The price rises come amid global debate about whether consumers were paying for the real cost of food.

A joint study by the UN’s Food and Agriculture Organization and market data company Trucost found the environment’s role — with natural disasters exacerbated by climate change — was not being fully calculated in the cost of producing food.

Processors expect increased demand

Frozen vegetable processor Simplot said it continued to face ongoing challenges due to recent local and global weather events and logistics issues.

frozen chips in a freezer at supermarket
Frozen chips are among products running low in some supermarkets.(ABC Rural)

“These culminating factors will likely increase demand for frozen produce, which may lead to consumers seeing fewer frozen vegetables in the freezer,” a spokesperson said.

“In recent months, we have implemented some list price increases on our products, which has largely been driven by rising commodity costs.”

frozen vegetables in a supermarket freezer
Stocks of frozen vegies are low in stock in some supermarket freezers.(ABC Rural)

The spokesperson said consumers might see some shortages in the future.

“We are anticipating there may be some impacts due to crop availability.

“However, we still need to evaluate the effects of recent rain events along the Australian east coast.

“Where we have shortages, we are managing these through some SKU [stock keeping unit] rationalisation.”

Frozen food and chip producer McCain Food Services said this year had been challenging for growers, given it had been one of the wettest spring seasons on record.
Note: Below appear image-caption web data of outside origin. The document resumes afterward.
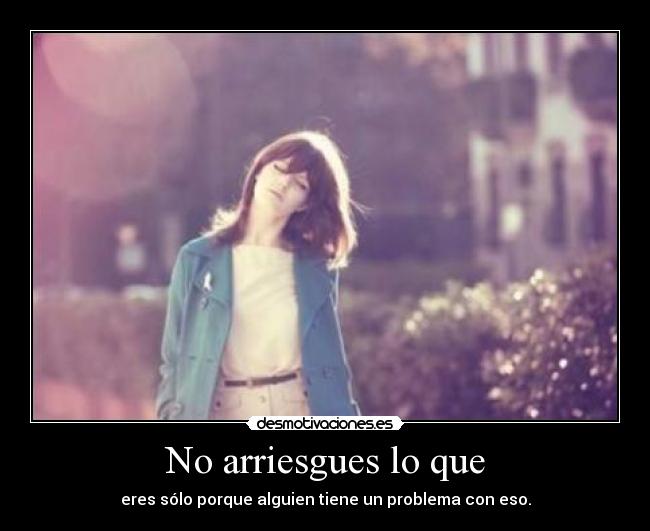 No arriesgues lo que - eres sólo porque alguien tiene un problema con eso.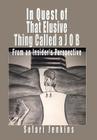 In Quest of That Elusive Thing Called a J O B: From an Insider's Perspective By Solari Jenkins Cover Image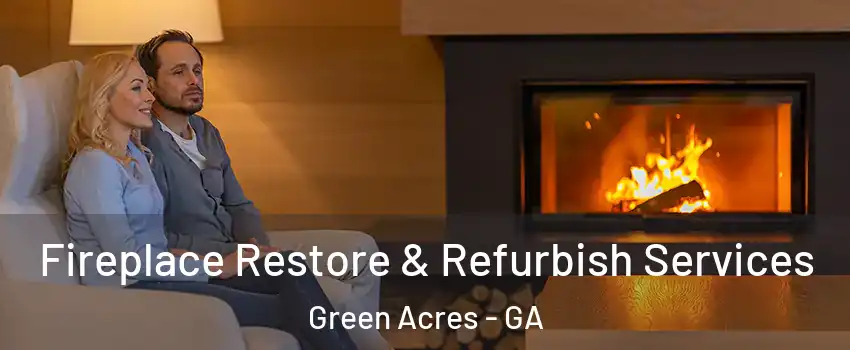 Fireplace Restore & Refurbish Services Green Acres - GA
“However, we don’t anticipate that recent rainfall across Tasmania will affect our ability to supply to our customers in the immediate future and believe that our shorter season potato crop variety will allow for a reasonable crop to be achieved,” a spokesperson said.

The spokesperson said McCain was helping support growers in the affected regions, from planting to harvesting.

‘Greater demand, higher prices’

Back on the farm in Tasmania, Nathan Richardson predicted Australian consumers would have little choice about prices in the future.

“It’s a classic case of supply, greater demand, higher prices,” he said.

“They will have to buy local. There won’t be the influx of [imported] goods coming in.

“Whether it’s a $12 lettuce, who knows where the pendulum will fall on the price of potatoes in the near future. Same thing, less supply.”

Mr Richardson pleaded with consumers not to blame farmers at a time when the cost of transport, energy, cold storage and labor were all rising.

“There’s a lot of other links in the supply chain,” he said.